Yup.  That'll certainly give you "Packet size limited during capture".

> And NO... the pcap file doesn't crash when the dissector is removed.

So that suggests that it's a bug somewhere in your dissector.

> I 
> can load about 70% of it and hit stop....but
> if I let it go any further it will crash wireshark.

So is the packet with "Packet size limited during capture" in that 70%?

And is it a Helen packet, or a packet for some other protocol?

> Like I said in my email to martin.... if I followed all the wireshark 
> coding standards... shouldn't the code handle this..??

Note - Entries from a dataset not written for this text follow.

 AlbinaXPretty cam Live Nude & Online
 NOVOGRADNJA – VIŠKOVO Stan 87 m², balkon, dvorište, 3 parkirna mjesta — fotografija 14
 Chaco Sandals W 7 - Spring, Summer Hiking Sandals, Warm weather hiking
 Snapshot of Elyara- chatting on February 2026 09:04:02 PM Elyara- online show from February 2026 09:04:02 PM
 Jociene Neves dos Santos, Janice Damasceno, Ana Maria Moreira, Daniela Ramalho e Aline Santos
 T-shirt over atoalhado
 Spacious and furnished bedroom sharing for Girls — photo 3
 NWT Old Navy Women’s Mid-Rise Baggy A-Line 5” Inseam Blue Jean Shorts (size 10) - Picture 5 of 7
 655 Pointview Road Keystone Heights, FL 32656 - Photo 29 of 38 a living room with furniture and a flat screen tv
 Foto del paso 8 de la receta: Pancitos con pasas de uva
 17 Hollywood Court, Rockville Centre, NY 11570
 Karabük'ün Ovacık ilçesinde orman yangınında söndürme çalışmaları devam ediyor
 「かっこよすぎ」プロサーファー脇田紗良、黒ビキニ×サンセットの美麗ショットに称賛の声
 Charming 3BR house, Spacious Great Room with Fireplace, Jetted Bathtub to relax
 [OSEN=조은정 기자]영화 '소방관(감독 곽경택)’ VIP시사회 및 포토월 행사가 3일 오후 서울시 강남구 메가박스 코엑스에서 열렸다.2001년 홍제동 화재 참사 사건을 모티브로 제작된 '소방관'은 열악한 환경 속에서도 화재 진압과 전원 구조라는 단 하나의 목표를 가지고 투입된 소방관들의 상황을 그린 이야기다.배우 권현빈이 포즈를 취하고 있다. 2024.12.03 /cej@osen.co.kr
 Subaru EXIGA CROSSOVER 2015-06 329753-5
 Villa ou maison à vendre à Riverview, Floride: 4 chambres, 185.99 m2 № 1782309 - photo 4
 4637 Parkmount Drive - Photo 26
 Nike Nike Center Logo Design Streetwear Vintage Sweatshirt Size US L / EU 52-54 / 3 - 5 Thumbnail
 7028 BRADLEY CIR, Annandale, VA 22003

As long as you follow all the Wireshark coding standards, it should not crash as a result of running past the end of the packet and attempting to refer to a non-existent region of memory past the buffer for the packet.  (This is one reason why getting a pointer to the packet data, and then extracting data yourself, is not the right thing to do - you'd have to do all the checks, not only for the on-the-wire packet size but also for the captured size, yourself.)

*However*, if, for example:

	for some Helen packets, the dissector requires information from earlier Helen packets in the capture;

	that information is in the part of the packet that got cut off;

	the dissector is *assuming* the information was stored somewhere when the earlier packet was dissected, rather than *checking* whether it was stored and doing whatever it can if the information wasn't stored;

the dissector could still crash - the low-level boundary checking done by proto_tree_add_item() and the various tvb_get_ routines won't protect you from a problem such as that.  (That's just an example of a crash that could happen with a dissector that follows the low-level rules if a packet is cut short; it's not *the one and only* reason, so, even if that's *not* the case for your dissector, there could be some other problem of that sort.)

> What should be my next step..??

Find out where it's crashing - for example, by using a debugger - and fix it not to crash.